El esperar cristiano tiene así en su núcleo el sabernos creaturas necesitadas de salvación, y nuestra confianza en que el Dios bueno, fiel y rico en misericordia no nos defraudará. Para quien tiene fe, la Redención no es simplemente un hecho histórico, sino que cambia nuestra vida: vivimos de otra manera porque tenemos esperanza (cf. Spe Salvi, n. 2). Podemos afrontar las dificultades diciendo con San Pablo: “estamos atribulados en todo, mas no angustiados; en apuros, mas no desesperados…” (2 Cor 4:8-9), ya que “en esperanza fuimos salvados”. (Rm 8,24). En las olas de dolor e incertidumbre de la pandemia, la esperanza cristiana fue un impulso para regresar a Dios Padre, dejando de lado la fantasía de autosuficiencia. Fuimos invitados a poner nuestra esperanza más allá de la curación o la supervivencia, y a creer que, también ante la muerte próxima, podemos amar y esperar en Dios, que no abandona. María es nuestra gran educadora en la tribulación, enseñándonos la confianza en Dios Padre; es nuestra estrella guía y madre de nuestra esperanza cristiana. Justamente fue al pie de la Cruz de Jesús, cuando María recibió esta misión. En medio del dolor, confió en Dios Padre manteniendo intacta la esperanza del mundo en su propio Corazón Inmaculado, convirtiéndose en fuente viva de esperanza para los cristianos: “Junto a la cruz, según las palabras de Jesús mismo, te convertiste en madre de los creyentes (…) Por eso tú permaneces con los discípulos como madre suya, como Madre de la esperanza”. (Spe Salvi, n. 50).
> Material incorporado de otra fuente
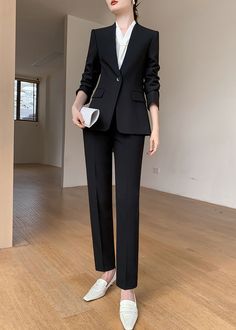 Elevate your professional wardrobe with our Celia Black Single Breasted Blazer & Cropped Pants Suit Two-Piece Set. Made with high-quality materials, this set exudes luxury and sophistication. The single-breasted blazer with a single button closure and cropped pants add a touch of femininity to this high-end, professional ensemble. Perfect for spring and autumn, this set will make you feel like a goddess in a high-end boutique. Blazer: One button closure Notched lapels Long sleeves Front flap poc Girls Blazers, One Button Blazer, Single Breasted Blazer, Business Outfits Women, Professional Wardrobe, Pantsuits For Women, Classy Dress Outfits, Stylish Work Outfits, A Goddess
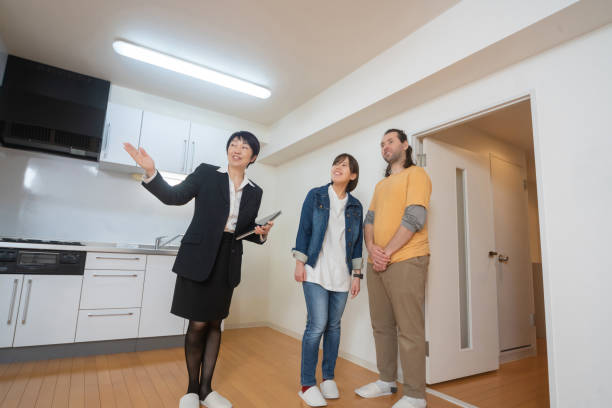 Real estate agent showing customers an apartment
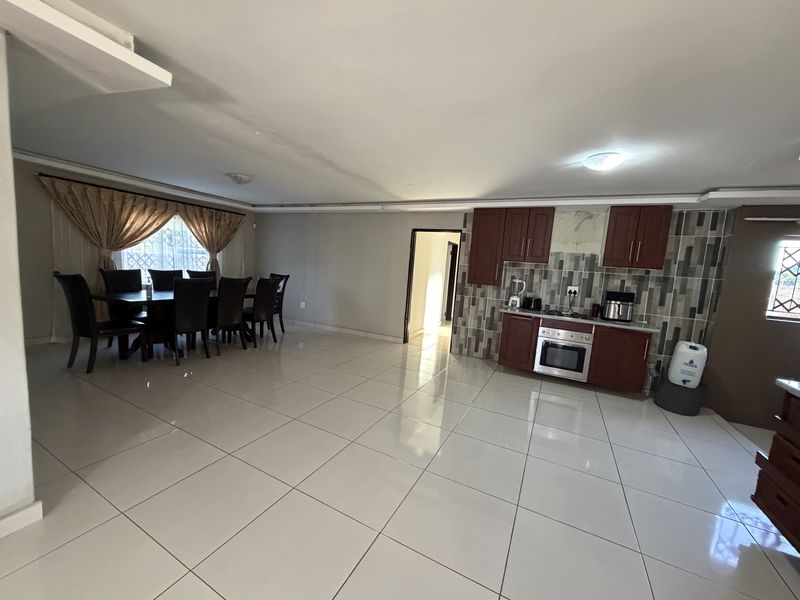 Open-plan living and dining area featuring tiled flooring and a functional kitchen with built-in cabinetry, oven, and hob.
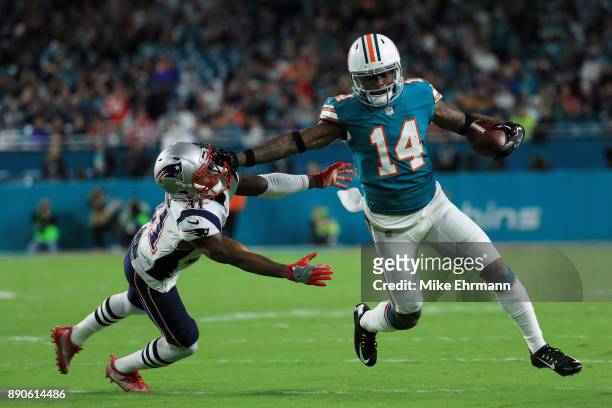 Jarvis Landry of the Miami Dolphins tries to avoid the tackle of Jonathan Jones of the New England Patriots in the first quarter at Hard Rock Stadium...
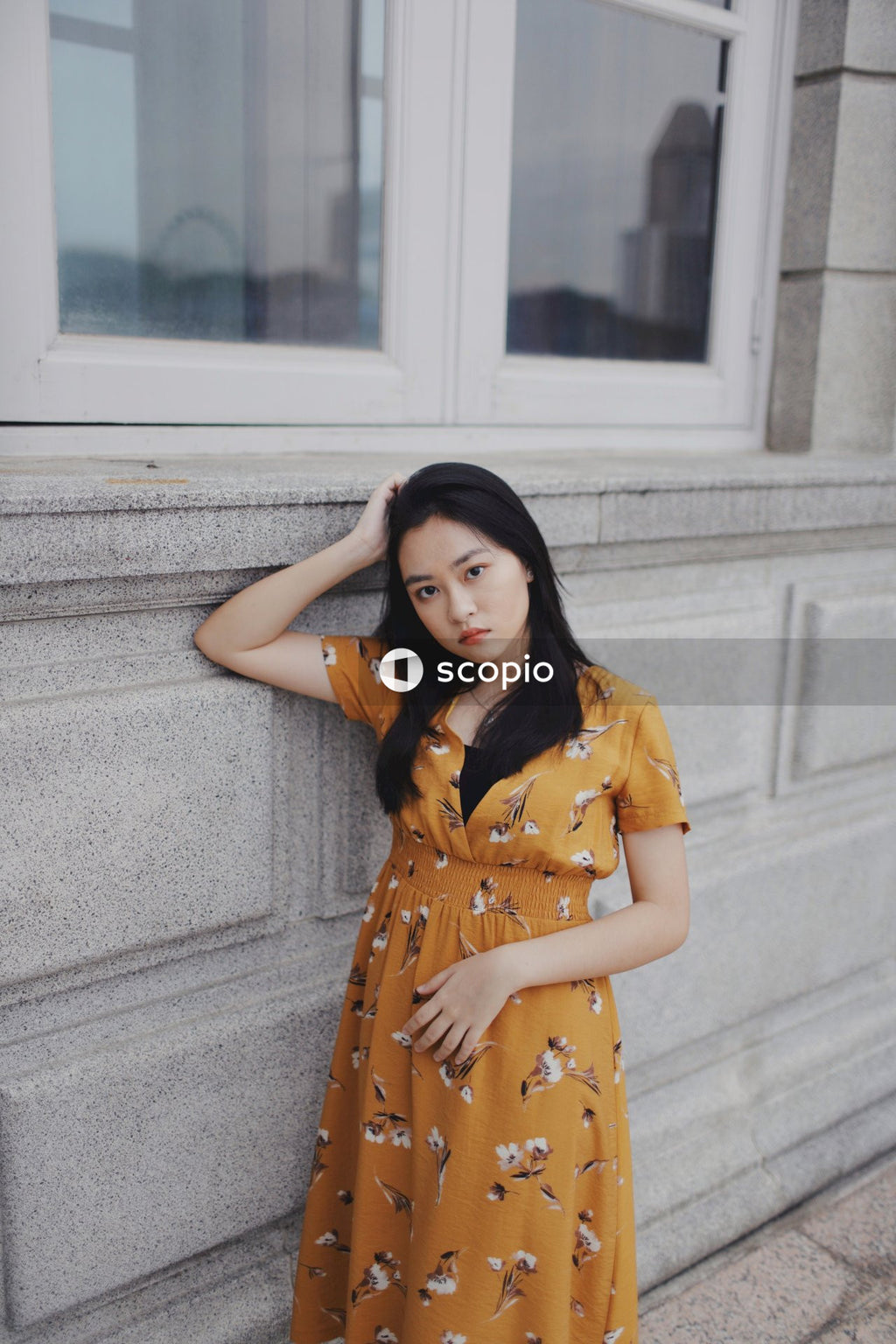 Woman in long orange dress leaning on light wall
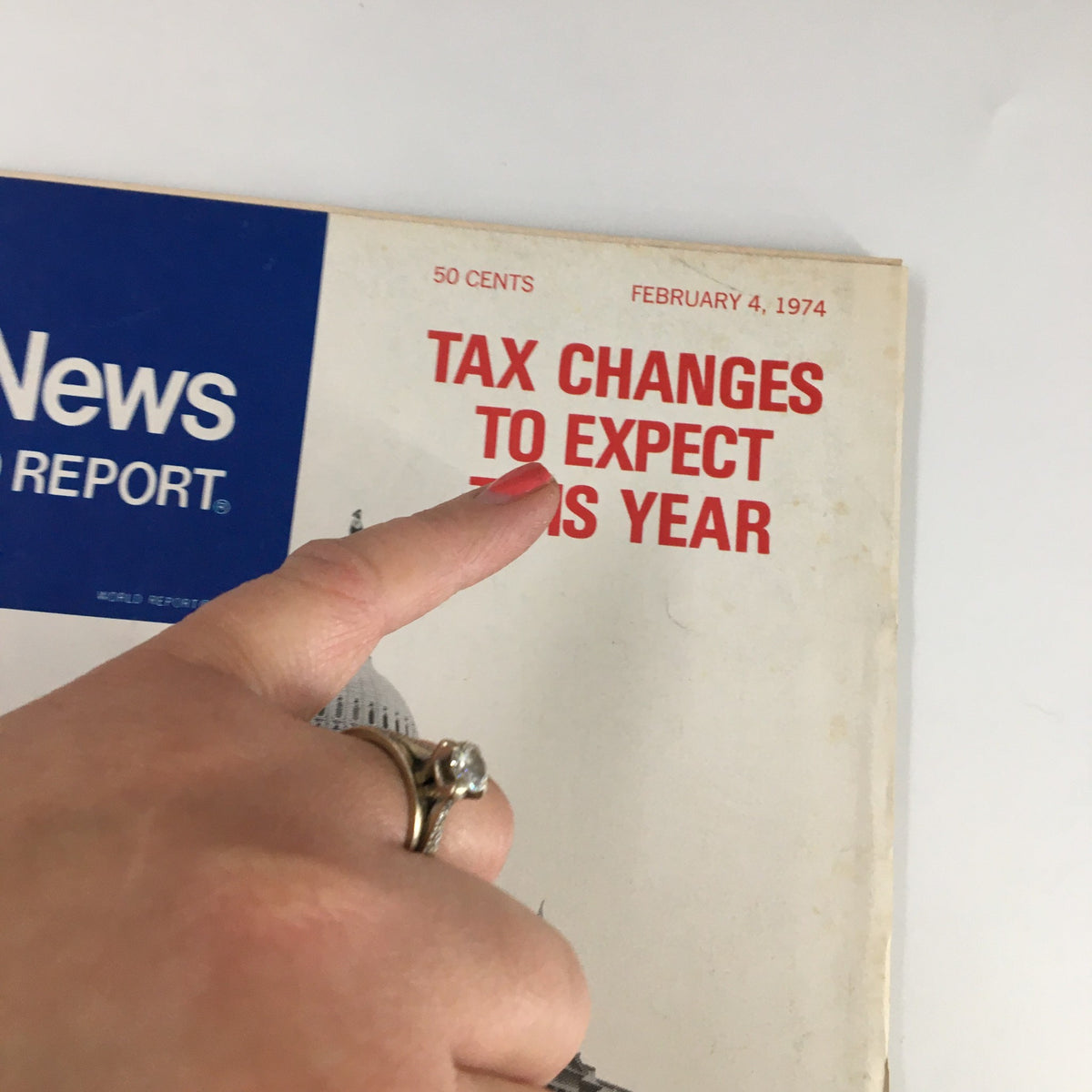 Close-up of the cover of US News & World Report Magazine February 4, 1974, highlighting the title 'Tax Changes to Expect This Year' with a hand pointing to it.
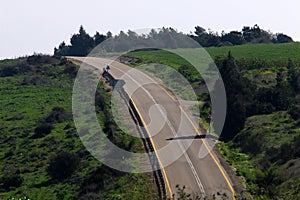 Sharp turn and climb and descent on a mountain road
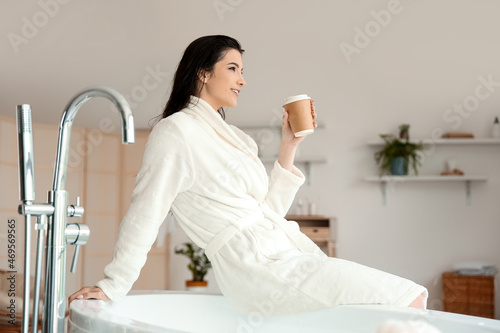 Pretty young woman with cup...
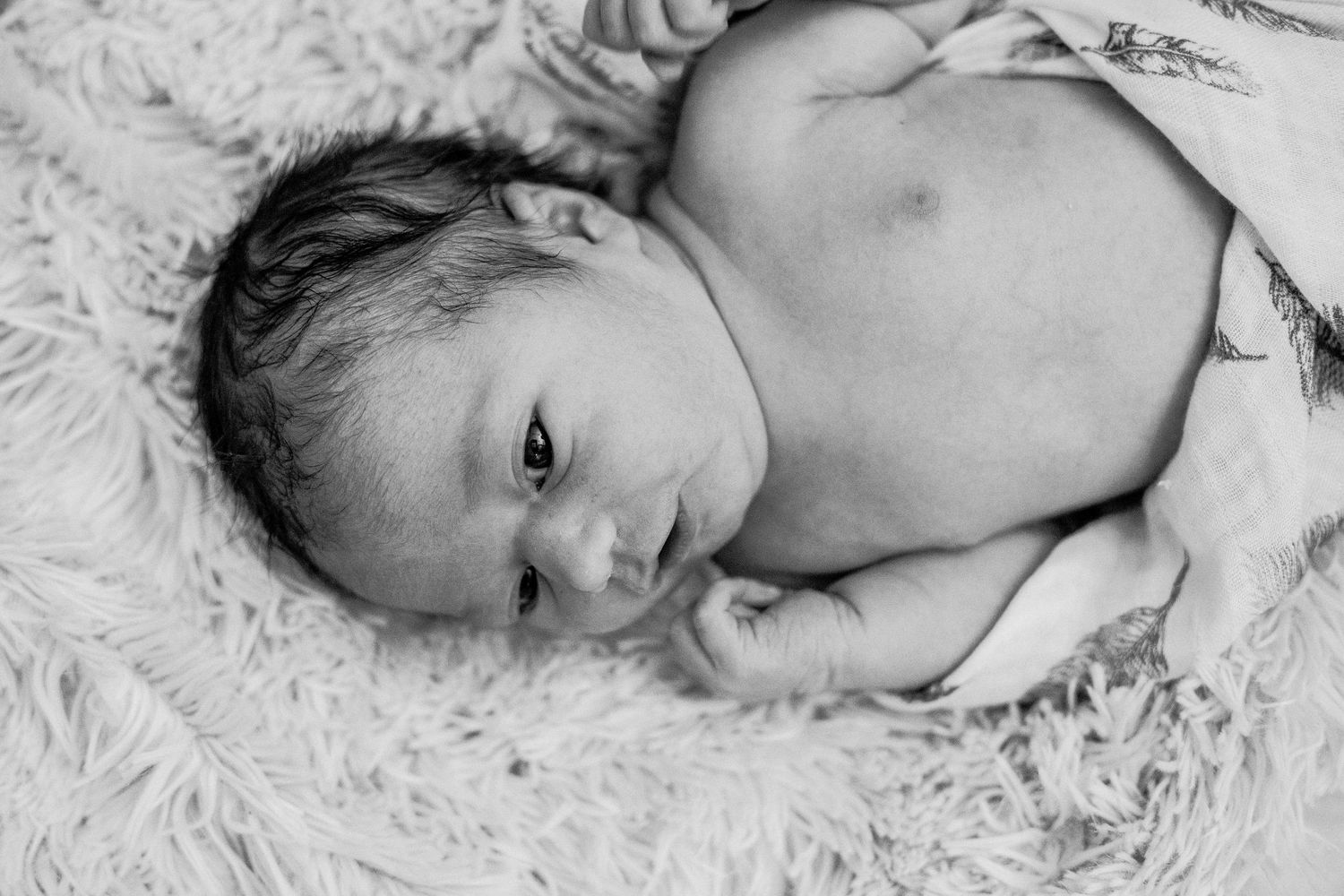 Black and white portrait of a newborn baby lying on a fluffy blanket with eyes open.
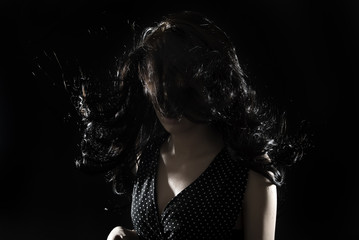 Portrait of a young brunette over black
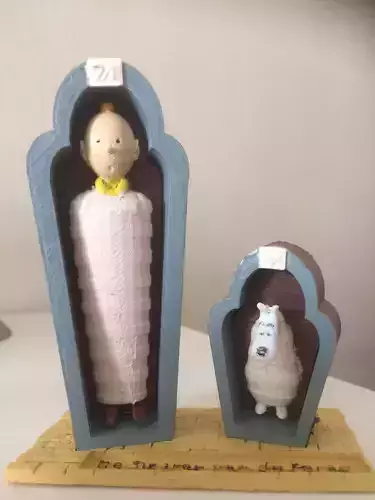 Tintin and Snowy in the sarcophagus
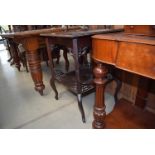 A Victorian mahogany two tier side table in the manner of Chippendale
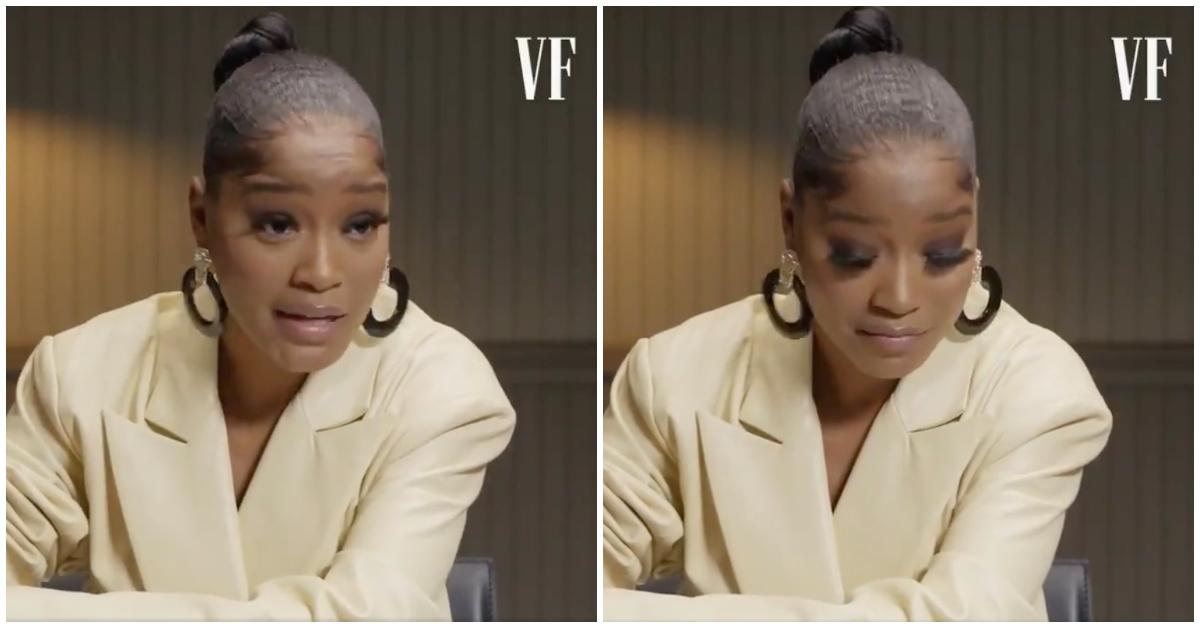 Keke Palmer looks up and then down at a picture of Dick Cheney in a 'Vanity Fair' interview.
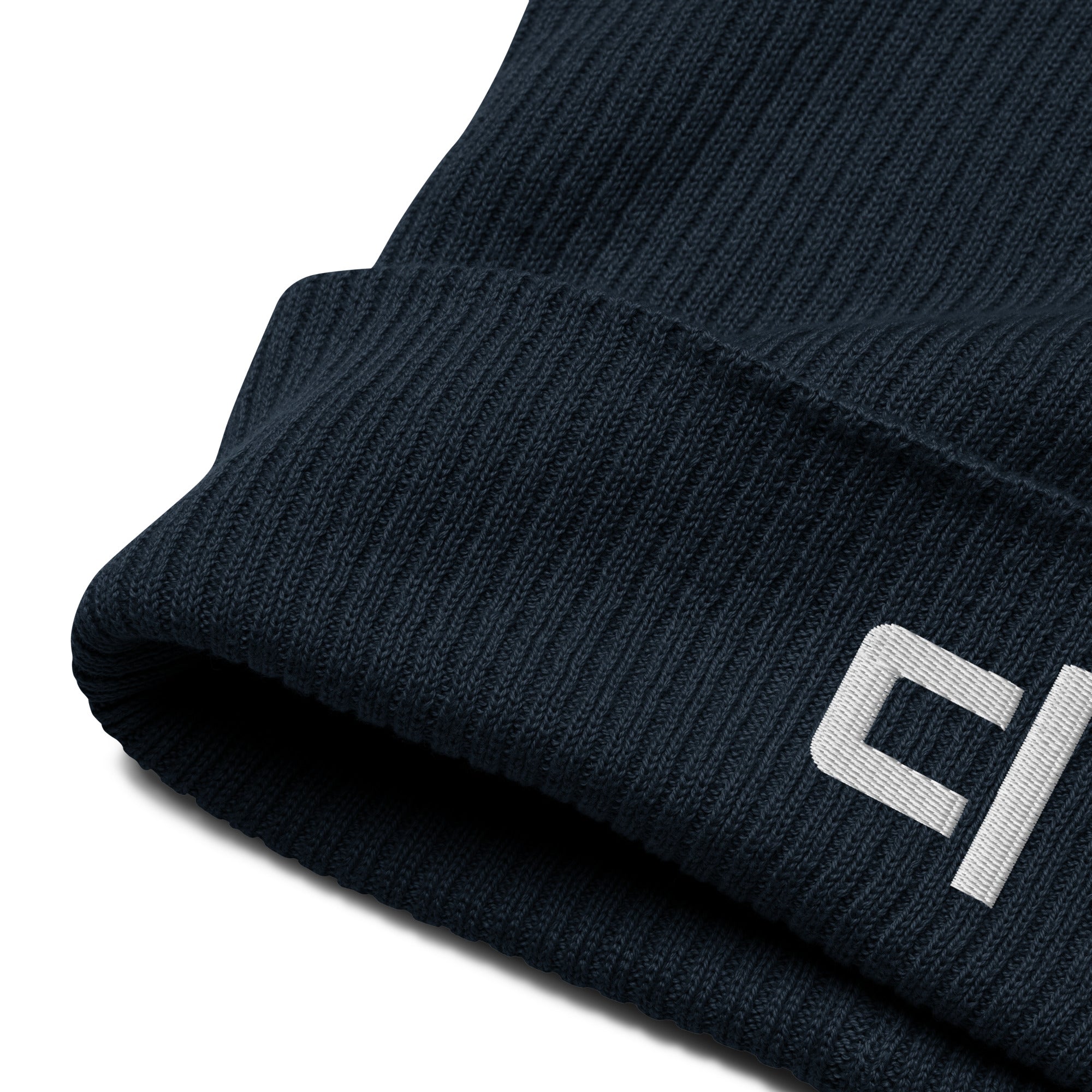 C&L Signature Organic Ribbed Beanie Beanie by Carl & Lyn deep navy zoomed in fabric detail of front right cuff of beanie including embroidered white brand logo 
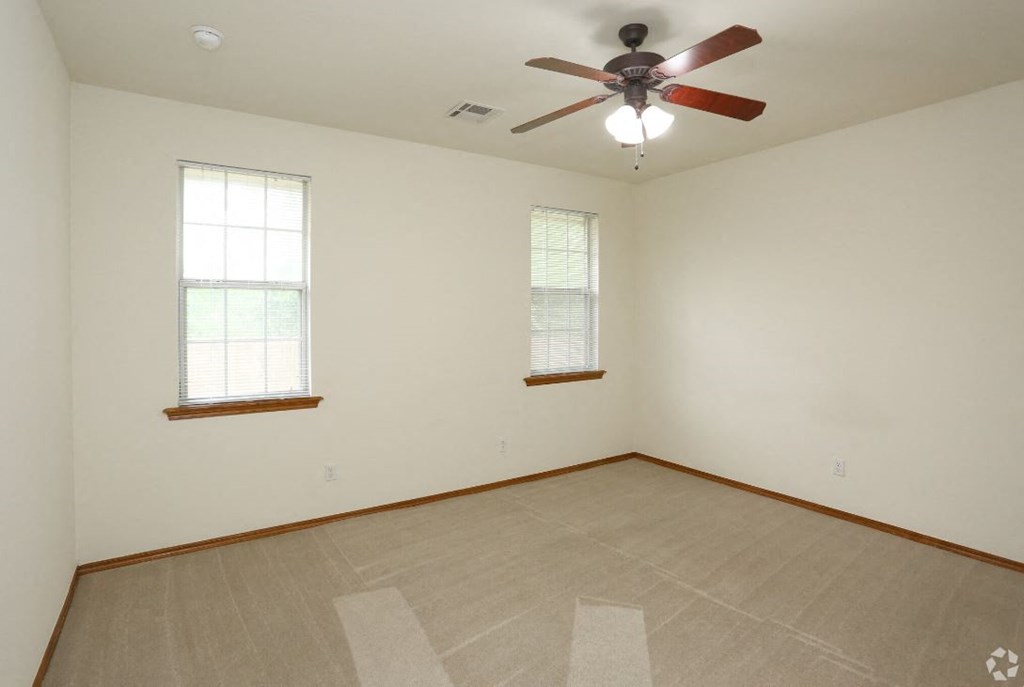 the living room of an empty house with a ceiling fan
Por último, en línea con la fraternidad que propone el Papa Francisco, es clave subrayar que la esperanza se mantiene viva más fácilmente en comunidad. En la dificultad, necesitamos de otros como portadores de esperanza cristiana: podemos ayudarnos mutuamente a beber de la fuente de esta. Preguntémonos: ¿tomo la dificultad como oportunidad para acercarme al Padre? ¿Me dejo educar por María para tener una esperanza viva que transforme mi vida? ¿Soy fuente de esperanza para los demás? Un modo concreto al cual nos invita el papa Francisco es impulsar la atención espiritual a personas necesitadas: “no podemos dejar de ofrecerles la cercanía de Dios, su bendición, su Palabra, la celebración de los sacramentos y la propuesta de un camino de crecimiento y maduración en la fe” (Mensaje del Santo Padre Francisco para la XXX Jornada Mundial del Enfermo).